Visitors who used search on your website
Most websites have search, and users who use search almost always have better conversion rates. They are a lot more engaged and a lot more wiling to spend money on your website. Use that in your Google Ads remarketing campaigns.
#19 Visitors who used search on your site but did not purchase
Visitors from a specific source
I like these audiences as they give me a chance to segment my campaigns by source. The success of these campaigns depends largely on your website and the diversity of your acquisition channels. But this is something you should definitely try.
#20 Visitors from specific sources (organic search, affiliates, referrals, etc.)
Remember that most users need additional visits to convert. With a lot of traffic, segmenting your remarketing audiences by traffic source, can lead to additional insights about that audience and help the teams responsible for those channels.
Visitors engaging with your YouTube videos
If you do YouTube ads or have a popular YouTube channel, you might try out this Google Ads remarketing audience.
#21 People who viewed any of your videos
Start with people who viewed any of your videos. Simple, but can have great results. A video view it self is not the strongest signal, but it’s something you can test.
#22 People who engaged with any of your videos.
You can move from view to engagement. It is a lot more stronger signal. It will narrow your audience, but most likely will yield better results.
#22 People who viewed a specific video
If you have videos that have a lot of views, you can retarget viewers of a specific video. For example, maybe you have a video that shows you unpacking a product. Or you have a marketing video for a specific product. You can then show ads to people who viewed that video, increasing the chance for conversion.
Increasing user retention
Retaining users is probably a lot more than getting new ones. At least, the cost is a lot cheaper. You can employ remarketing, to engage users from specific groups.
#23 Users who haven’t been on the site for some time
This can be done for any website, but usually, it’s for businesses that rely on people visiting frequently, like online tools, communities, etc. Email notification will probably play the biggest part here, but what about those who are not subscribed to your email list? You can’t send them emails without consent. This is where remarketing comes in handy.
#24 Users who haven’t used certain (new) features
Websites evolve all the time, and sometimes, people need a little push to discover what’s new. Again, email is your primary channel. But you combine it with remarketing campaigns for that extra push.

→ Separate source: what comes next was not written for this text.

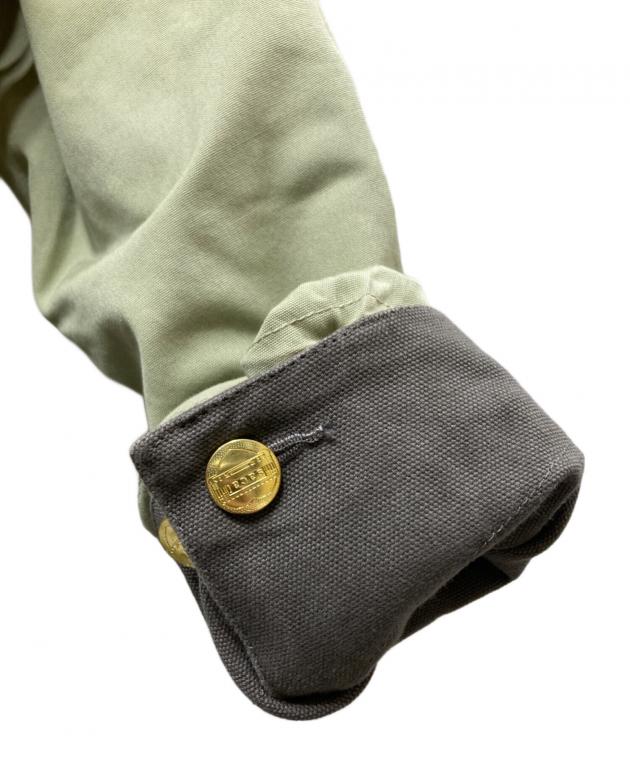 中古・古着通販】sacai (サカイ) CarHartt (カーハート) 24SS sacai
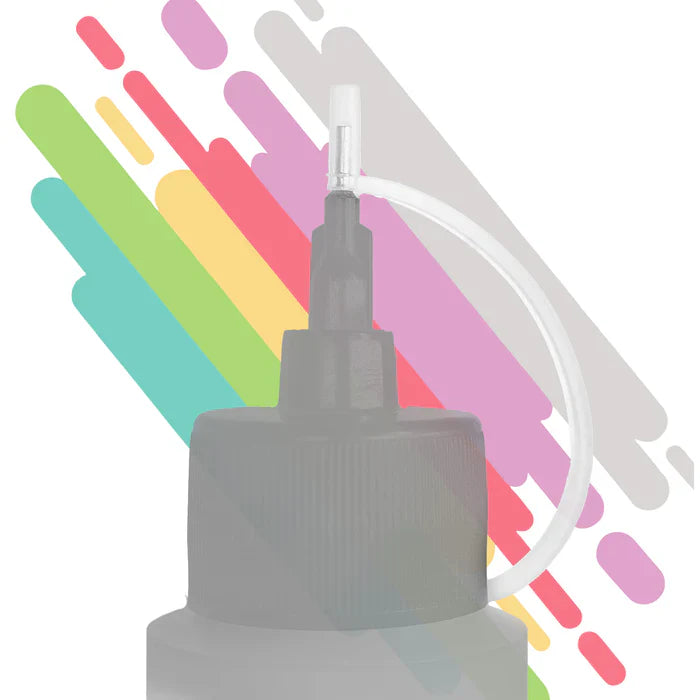 Bearly Art - Rubber Stopper for glue bottle fine tip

💡You don’t have to try all of them or use very granular audiences. Start from the audience that, in your opinion, will have the most impact. For example, if you’ve never done retargeting, just do it for the entire audience (unless it’s very big). If you have more traffic (20k+/month), try one or a few segments to see how the conversions differ and if there is an impact. Don’t create many audiences just because you can. Don’t overcomplicate things.
💡Bonus! Remarketing campaigns also work as brand campaigns. People still see your brand name and products. You’re not letting them forget about you even if they don’t take action immediately.